The final article in this issue adds temporal, geographic, and theological balance to the topic of the family in Chinese Christianity. Eva Salerno’s fieldwork among Chinese Catholics in Paris and Milan reminds us that issues related to the family are central to understanding Chinese Christianity in contemporary global settings. An interesting finding in Salerno’s ethnographic study is that many Chinese Catholics in Europe trace their religious heritage back to ancestors in China many generations removed. This is particularly significant because much of the scholarship on overseas Chinese Christian communities in the West frames church membership as part of the process of assimilation to the dominant culture (e.g., Yang 1999, Guest 2003, Cao 2005). Salerno’s article on Chinese Catholics in Europe, however, shows how Christianity is often part of the cultural tradition that immigrant Chinese communities hope to hold on to from their native regions.

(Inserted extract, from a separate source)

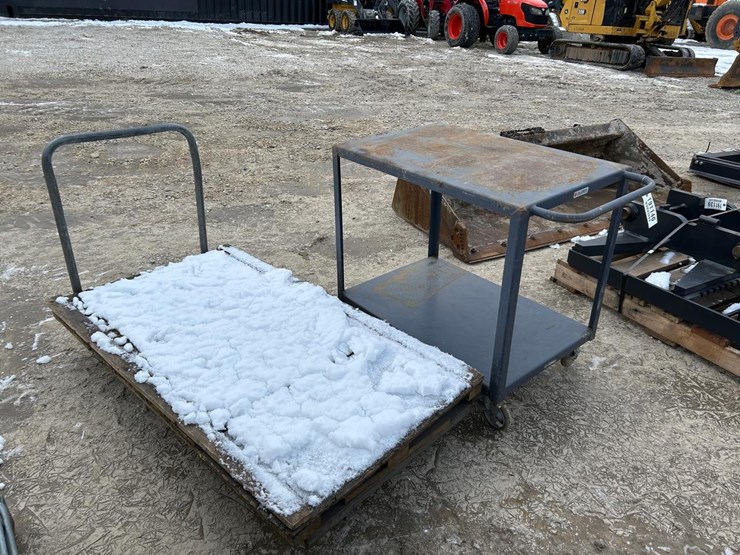 lot-of-carts-w/-wheels-image-3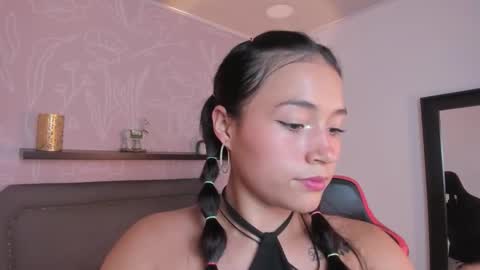 Snapshot of madison_saenzz chatting on December 2025 07:43:02 PM M A D I S O N online show from December 2025 07:43:02 PM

Taken together, the research presented in this issue reveals both the role played by Christianity in shaping modern Chinese concepts related to the family, as well as how traditional Chinese values have influenced Chinese Christianity over the past century. The fusion of traditional Chinese and Christian worldviews, the progression from foreign missionary control to Chinese leadership, the struggles of living as a Chinese Christian in a secularizing Western society, and the contradictory message for Chinese Christian females to be both modern and domestic are some of the points of tension found within these articles. It is my hope that this issue will spur other scholars to recognize the importance of family in understanding Chinese Christianity, both in the past and today.


  • Cao, Nanlai. 2005. “The Church as a Surrogate Family for Working Class Immigrant Chinese Youth: An Ethnography of Segmented Assimilation.Sociology of Religion 66 (2): 183200.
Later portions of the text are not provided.